For a higher-level comparison against the other agent subcommands, see Agent Mode.
What it is
A turn-based, tool-using LLM agent written in Go. Components:
| Layer | Lives in | Responsibility |
|---|
| Engine | pkg/olium/engine/ | Multi-turn loop: provider stream → tool dispatch → history append → repeat |
| Provider | pkg/olium/provider/ | LLM backend, five drivers (codex-oauth, anthropic-api-key, claude-oauth, openai-api-key, claude-code-cli) |
| Tools | pkg/olium/tool/ | The eight built-in primitives the model can call (bash, file ops, search, web fetch) |
| Skills | pkg/olium/skill/ | SKILL.md workflow files (agentskills.io format) discovered from project, user, and embedded scopes |
| TUI | pkg/olium/tui/ | Bubble Tea front-end (inline scrollback, slash commands, live tool cards) |
| Headless | pkg/olium/headless.go | Non-interactive single-prompt runner for scripts and smoke tests |
| Autopilot | pkg/olium/autopilot/ | Long-running autonomous scan loop on top of the engine, with budgets, halt signal, and report_finding |
| Vigolium tools | pkg/olium/vigtool/ | Scanner-aware extensions: run_scan, run_extension, list_sessions, list_findings, auth_session_lookup, etc. |
| Auth | pkg/olium/auth/ | Codex OAuth credential loading and refresh (handles ~/.codex/auth.json) |
What it does
Each invocation runs one multi-turn loop:
- Append the user prompt to history.
- Stream a single provider response (text deltas, thinking deltas, tool calls).
- Append the assistant turn to history; emit
EventTurnDone with token usage.
- If there are no tool calls → emit
EventRunDone and exit.
- Otherwise dispatch the tool calls. If all calls are read-only the engine fans them out in parallel (cap = 8); otherwise it runs them strictly serially so writes can’t race reads. Tool results are appended to history in the model’s original order regardless.

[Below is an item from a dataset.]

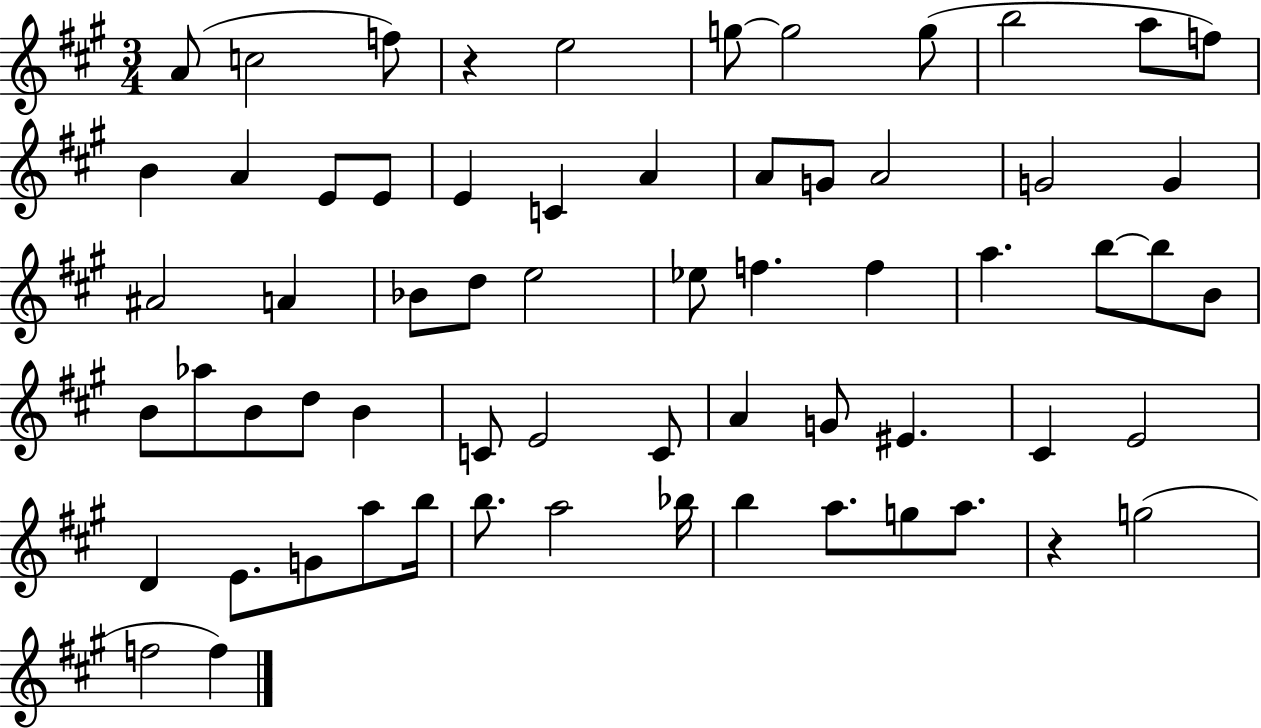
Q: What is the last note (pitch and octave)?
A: F5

- Loop back to step 2, capped by
MaxTurns (default 32 for chat / headless, 200 for autopilot).
Surrounding behavior:
- Tool result truncation / spill: results larger than
MaxToolResultBytes (default 16 KiB) get head+tail truncation with an elision marker. If SpillDir is set (autopilot does this), the full payload spills to <SpillDir>/tool-results/ and the model gets a head excerpt plus an on-disk path it can read_file.
- Per-tool timeout: each tool invocation gets its own deadline (default 5 minutes). A runaway
bash curl can’t hang the whole session.
- Prompt caching: opt-in via
EnablePromptCache. Autopilot turns it on; the Anthropic provider then writes cache_control: ephemeral markers on the system prompt and tool list, cutting repeated-prefix tokens by ~90 % across long runs. Providers without caching ignore the flag.
- Skills: when a registry is loaded the engine injects an
<available_skills> block into the system prompt at construction, and registers a load_skill tool the model can call to fetch a skill body on demand.
Modes
Interactive TUI (default)
vigolium olium # chat
vigolium ol # alias
vigolium agent olium # full path
vigolium ol "audit this repo" # auto-submitted first prompt
echo "summarise" | vigolium ol # stdin auto-detected when piped
/:
/clear: clear conversation history./skill:<name> [args]: inline expansion of a loaded skill; the body is pasted into the prompt so the model doesn’t have to spend a tool call to load_skill.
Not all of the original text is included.